Matematika Dibalik Pembunuhan Berantai

Salah satu pelaku pembunuhan berantai terkenal adalah Andrei Romanovich Chikatilo. Pria asal Ukraina tersebut selama 12 tahun melakukan pembunuhan terhadap 53 orang, mayoritas perempuan dan anak-anak, sebelum akhirnya ditahan di Rostov pada tahun 1990 dan dieksekusi di penjara Novocherkassk pada tahun 1994.


Peneliti dan matematikawan baru-baru ini melakukan analisis terhadap tindakan pembunuhan Chikatilo, yang dijuluki "Si Pencabik Merah". Analisis dilakukan dengan melihat interval waktu pembunuhan. Peneliti juga melihat faktor neurologi (saraf) yang bisa menjadi pemicu dilakukannya tindak pembunuhan.

Mikhail Simkin dan Vwani Roychowdhury, peneliti yang juga merupakan insinyur elektronika dari Universitas California di Los Angeles, memulai penelitian dengan membuat grafik yang menunjukkan waktu pembunuhan. Grafik terlihat konsisten dengan periode panjang tanpa pembunuhan diikuti oleh periode pendek dengan banyak pembunuhan.

Peneliti menemukan bahwa periode terpanjang tanpa pembunuhan adalah 2 tahun, sementara periode terpendek adalah 3 hari. Karena adanya ketidakteraturan, grafik yang tampak mirip anak tangga. Peneliti kemudian menjulukinya anak tangga setan, mengingat anak tangga ini merujuk pada kejahatan.

Analisis yang dilakukan menunjukkan bahwa interval pendek antarpembunuhan lebih umum dibandingkan periode panjang. Dan, yang mengejutkan, peneliti menemukan bahwa pola grafik mirip dengan pola kejang epilepsi. Ini membuat ilmuwan berpikir bahwa tindakan pembunuhan dipicu oleh proses yang serupa dengan epilepsi.

Kejang epilepsi disebabkan oleh loncatan arus listrik di sistem saraf pusat. Proses inilah yang diduga juga berlangsung pada Chikatilo. Peneliti memperkirakan bahwa loncatan arus listrik memicu efek psikotik yang menyebabkan Chikatilo akhirnya melakukan tindak pembunuhan. 
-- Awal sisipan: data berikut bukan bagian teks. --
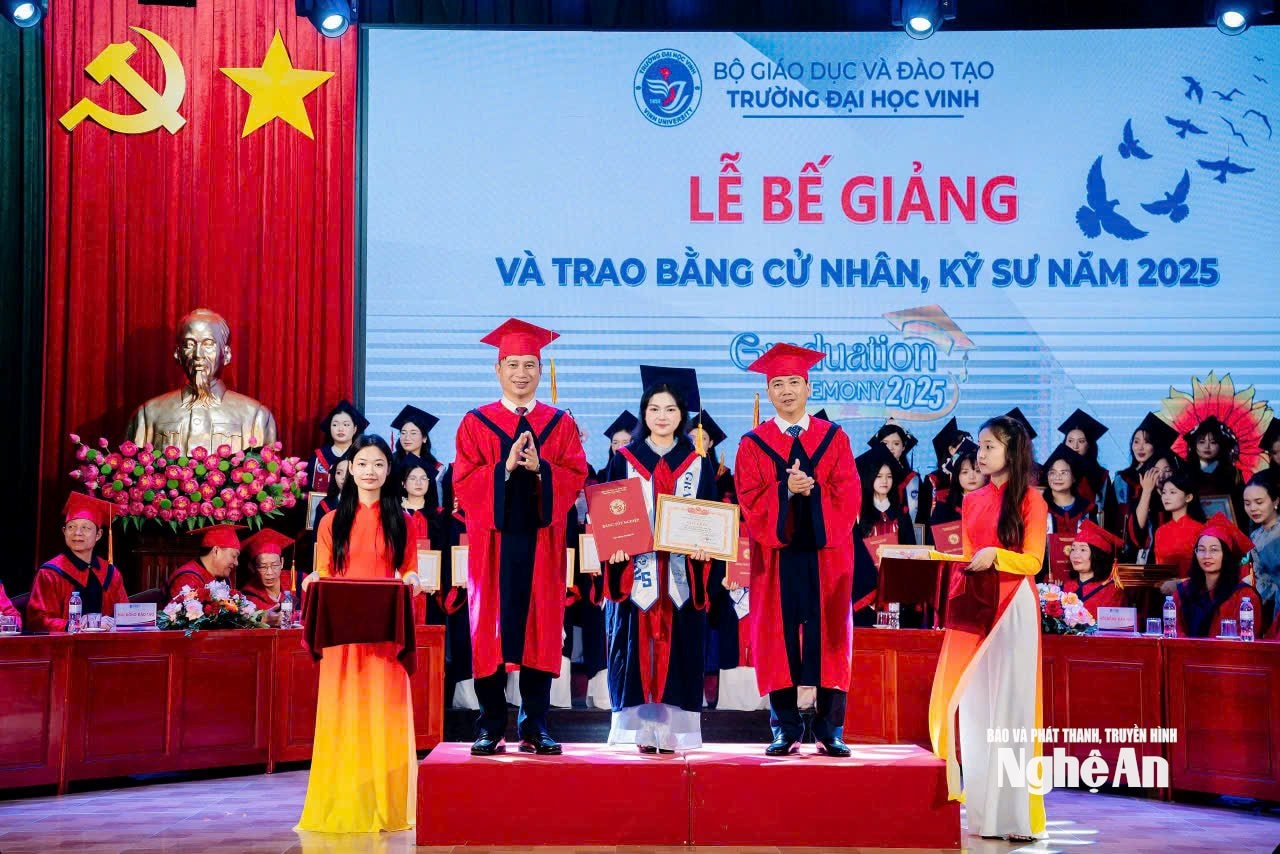 Tốt nghiệp Thủ khoa ngành Sư phạm Ngữ văn,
Menurut peneliti, seperti diuraikan Physorg, Rabu (18/1/2012), kemungkinan loncatan listrik terjadi secara random kecil. Namun, loncatan bisa memacu loncatan lain sehingga mencapai ambang batas, disebut area pembunuhan. Jika ambang batas tercapai maka pada saat itulah pelaku mulai merencanakan tindakan pembunuhan.

Peneliti menduga, tindakan pembunuhan memiliki efek menenangkan, menyebabkan rangsangan saraf jatuh di bawah ambang batas. Namun, loncatan listrik diduga masih terjadi mendekati zona pembunuhan. Ini menjelaskan adanya pembunuhan dalam interval waktu yang dekat.
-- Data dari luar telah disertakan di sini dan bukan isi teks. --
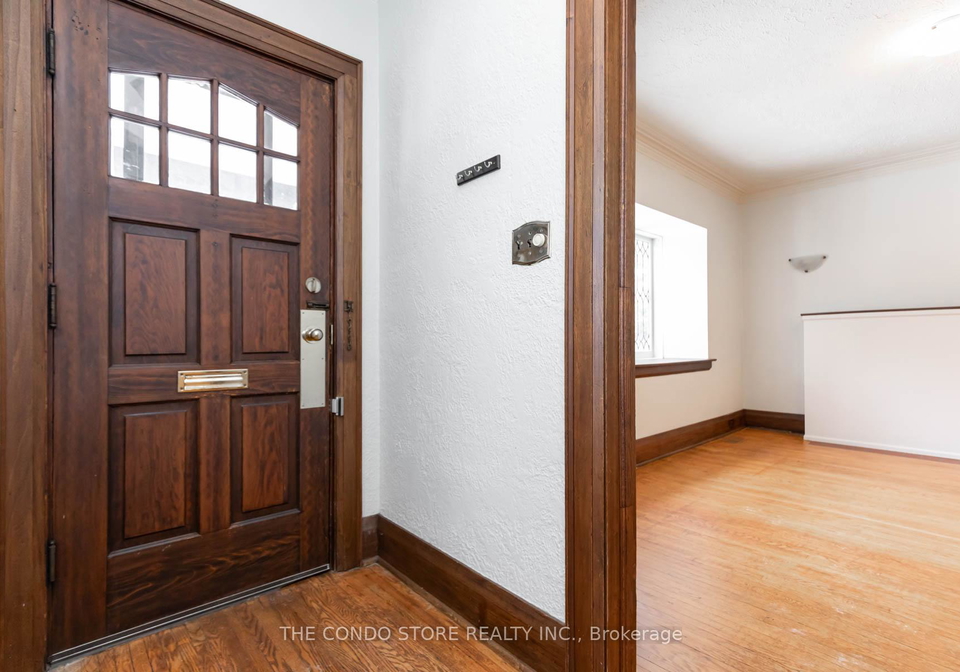 382-roehampton-avenue-toronto-ontario-c12769700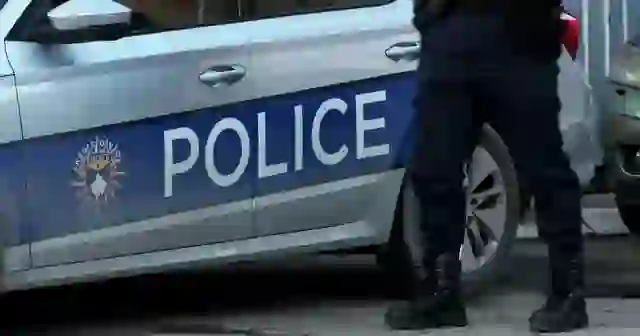 Aksident i rëndë në Pejë, makina përplaset me shtyllën, ndërron jetë në spital shoferi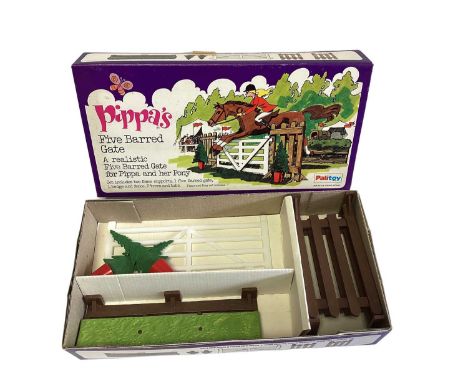 Palitoy Pippas Five Barred Gate set, boxed No.32545 (2)
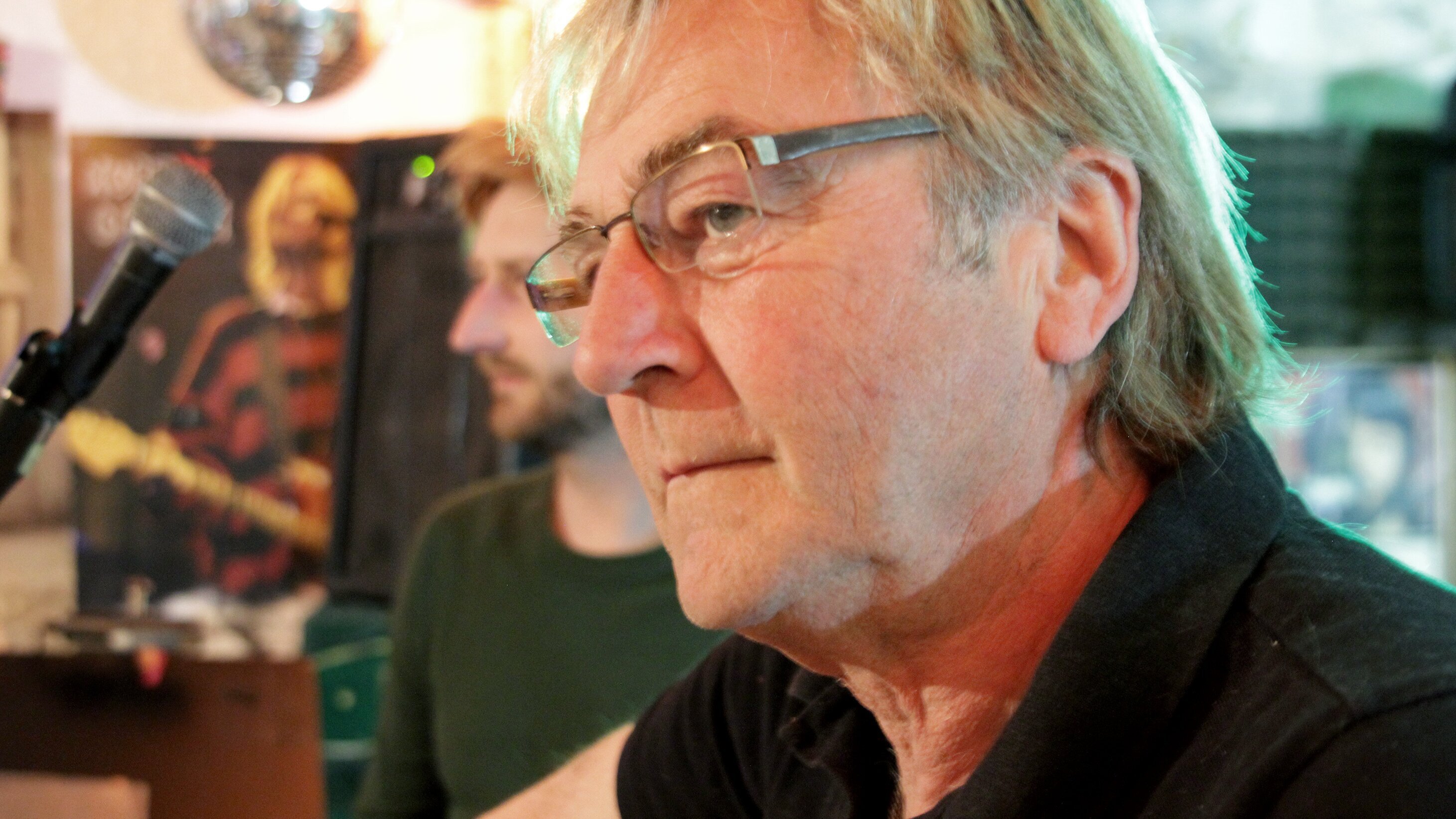 Typisch! Kamm In – Waschen, Schneiden, Soundcheck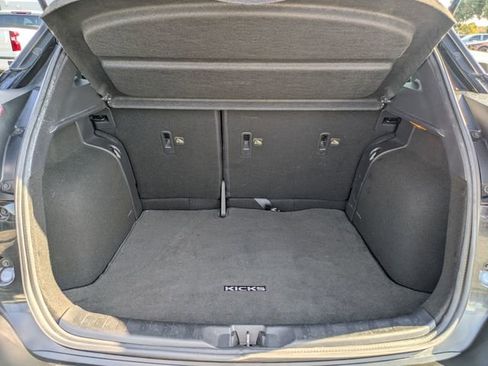 Used 2020 Nissan Kicks SR w/ SR Premium Package image 29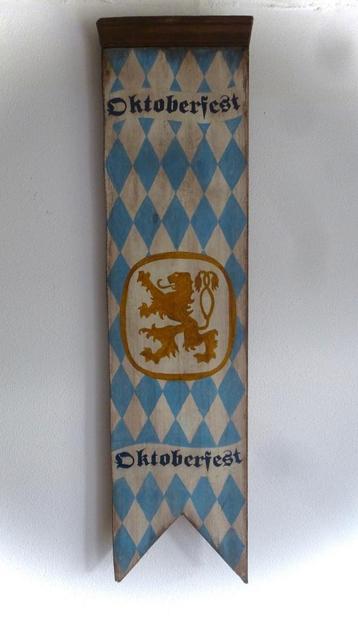 Handgeschilderd houten Oktoberfest vaandel / Biergarten beschikbaar voor biedingen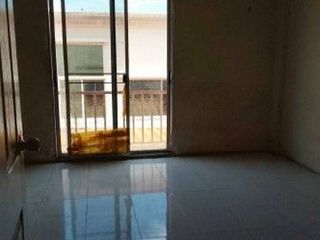 For sale 6 bedrooms retail Space in Lat Krabang, Bangkok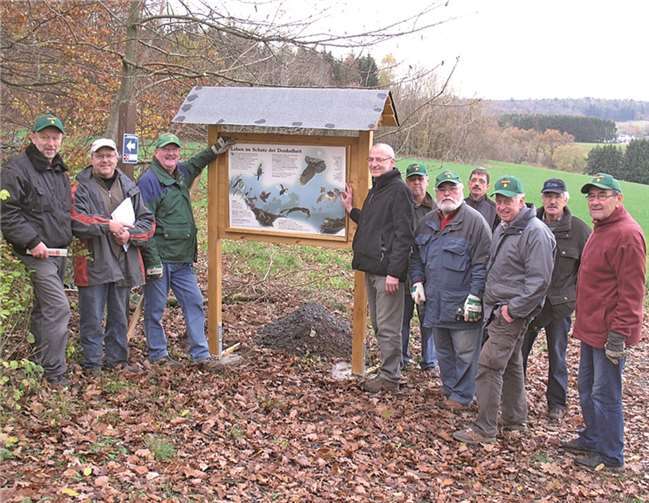 Gleich fünf neue Infotafeln wurden entlang des Naturerlebnispfades durch die AG-Mitglieder aufgestellt.privat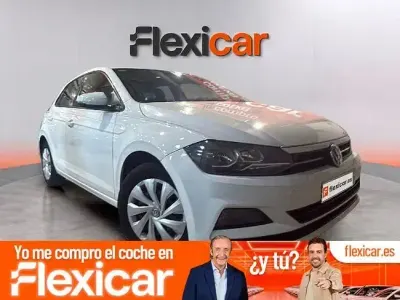 Usado VW Polo R-line 75 CV (55 kW) 2018 Blanco Utilitario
Sebab-sebab neurologis tindak pembunuhan masih berupa dugaan. Kelemahan dalam model adalah adanya interval satu hari dalam pembunuhan, sementara kenyataannya interval terpendek adalah tiga hari. Penelitian terhadap upaya pembunuhan yang gagal bisa membantu memecahkan. 

Meski sangat sulit menemukan pola pembunuhan, hal ini harus dilakukan sehingga tindakan pembunuhan bisa dicegah. Bagaimanapun, selalu ada penjelasan dari tindakan pembunuhan yang tampak irasional. Hasil penelitian Simkin dan Roychowdhury bisa dilihat di arXiv, Cornell University.